You are converting from byte (signed 8 bits) to integer (signed 32 bits). The most significant bit (the leftmost one) holds the sign (see two's complement).

Your 157 is 10011101 in binary. Since you assign this value to a signed byte (java has no unsigned byte), this is in fact a negative number, -99.

Now when you convert from byte to int, the value is preserved. In case of negative numbers, this means setting all the bits to the left to preserve the signedness. In your case, 10011101 becomes 11111111 11111111 11111111 10011101.

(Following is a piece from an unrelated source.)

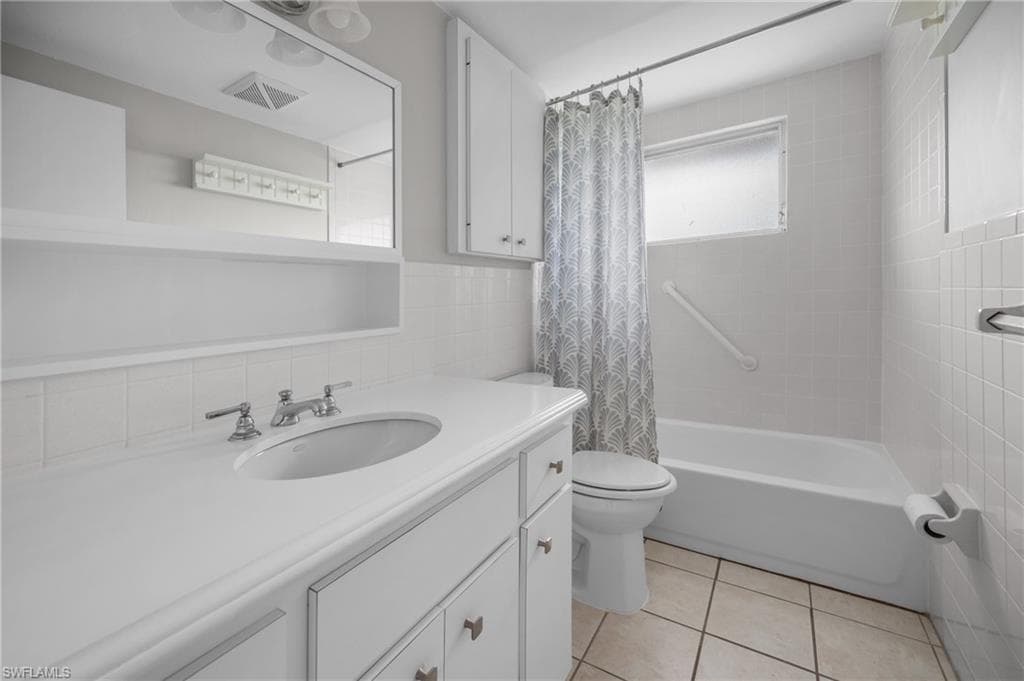 White vanity with an integrated sink and chrome faucet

Anyway, working with unsigned bytes in java is a nightmare. Basically, you need to mask everything with 0xff (to cut off the 'ones to the left') like this: 

int v = ((arr[0] & 0xff) |
    ((arr[1] & 0xff) << 8) |
    ((arr[2] & 0xff) << 16) |
    ((arr[3] & 0xff) << 24));

Beautiful, isn't it?

Update 1: Also, you may be interested in Guava's UnsignedBytes...

Update 2: Java 8 Byte has toUnsignedInt() and toUnsignedLong() methods. Your calculation thus becomes:

int v = (Byte.toUnsignedInt(arr[0]) |
    (Byte.toUnsignedInt(arr[1]) << 8) |
    (Byte.toUnsignedInt(arr[2]) << 16) |
    (Byte.toUnsignedInt(arr[3]) << 24));
answered on Stack Overflow Feb 24, 2016 by prook • edited Feb 24, 2016 by prook
1

Look. Your expression (arr[1] << 8) | (arr[2] << 16) | (arr[3] << 24) equals to Ox100. So, you need extra Ox9d, which is in decimal is 157. Unfortunatly, byte diapasone is [-128; 127]. So, it is impossible to get 157 from byte. And your a[0] is equal to -99.

answered on Stack Overflow Feb 24, 2016 by Solorad
0

Because the left most digit is reserved for sign, when you shift left the sign changes when you commit an overflow.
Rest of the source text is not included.